The basic characteristics of cPCa are shown in Table 2B. In cPCa group, there were a total of 429 tumor lesions in 126 cases with the median prostate volume = 34.5ml. The median tumor volume was 0.044ml (0.006-0.461ml), with the median ITV = 1.545ml. As for the csPCa analysis according to index tumor lesion, the tumor volume of 104 cases were ≥ 0.5ml, accounting for 82.5% of the total. The ISUP grade of 92.1% cases were ≥ 2, and 10 (7.9%), 59 (46.8%), 33 (26.2%), 10 (7.9%) and 14 (11.1%) were ISUP grade 1-5 respectively. In total 429 tumor lesions, 359 of them were ISUP grade ≥ 2, among which 28.1% were ≥ 0.5 ml, 22.6% had EPE. Among 242 ISUP grade ≥ 2 tumor lesions meeting the condition of tumor volume < 0.5 ml and confined to the prostate, 205 of them (84.7%) were ISUP grade 2.
3.3 Tumor spatial distribution of latent prostate cancer and clinical prostate cancer
As shown in Table 3, the intra-group analysis demonstrated that the index tumors were more likely to occur in PZ than TZ, the quantity of tumors involving the apical 1/3 and middle 1/3 were significantly higher than that of the basal 1/3 for both lPCa and cPCa groups. (P=0.040) Whereas there was no statistical difference in the distribution of lesions between the anterior and posterior zones.

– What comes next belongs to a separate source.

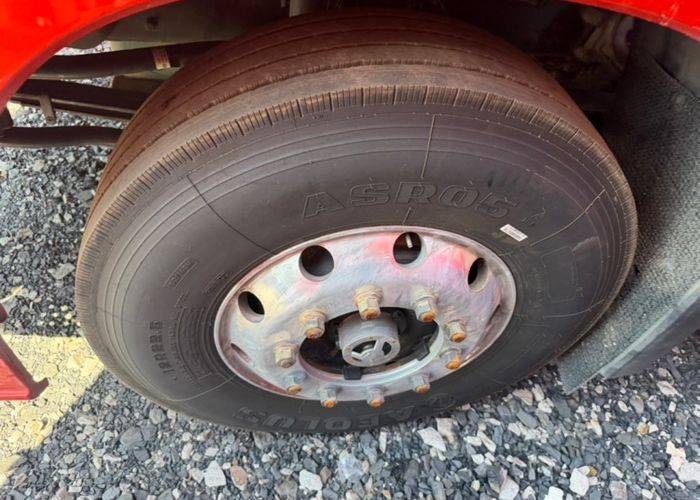 二手青岛解放 520马力 载货车
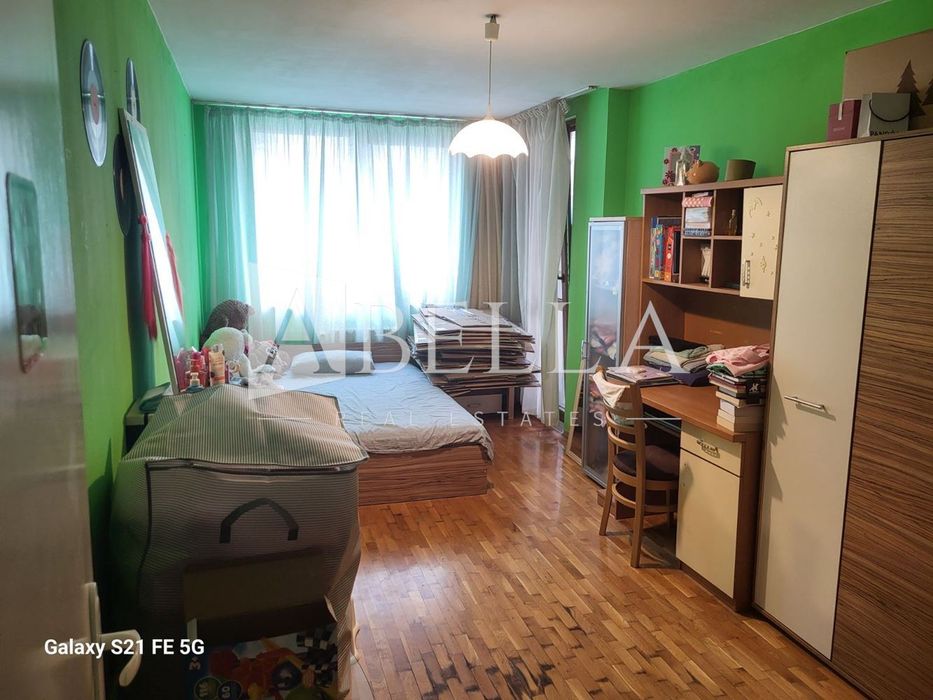 3-стаен в София-Белите Брези площ 100 цена 700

As for the total tumor aspect, intra-group analysis verified that tumor lesions were more prone to occur in PZ than TZ, and no significant difference was detected in tumor distribution between the anterior and posterior zones for both two groups. As for the vertical direction, in lPCa group, the tumors involving basal 1/3 were significantly less than those involving apical 1/3 and middle 1/3. Moreover, in cPCa group, tumor lesions were more likely to occur at the apical 1/3 when compared with the middle 1/3 (P=0.025), while that difference was not detected in lPCa group. (P=0.396).
In addition, we further compared the spatial distribution of tumor lesions between lPCa and cPCa. Our results in Table 3 indicated that for both index and total tumor lesion, there was no significant difference in spatial distribution between the two groups in horizontal direction (anterior and posterior), vertical direction (apical 1/3 middle 1/3 and basal 1/3) and morphology aspect (peripheral and transitional zone). The spatial distribution of the two groups has the same characteristics: the majority of lesions are located at PZ, with roughly equal distribution in the anterior and posterior zones. Lesions located at the apical 1/3 and middle 1/3 are more common than those located at the basal 1/3.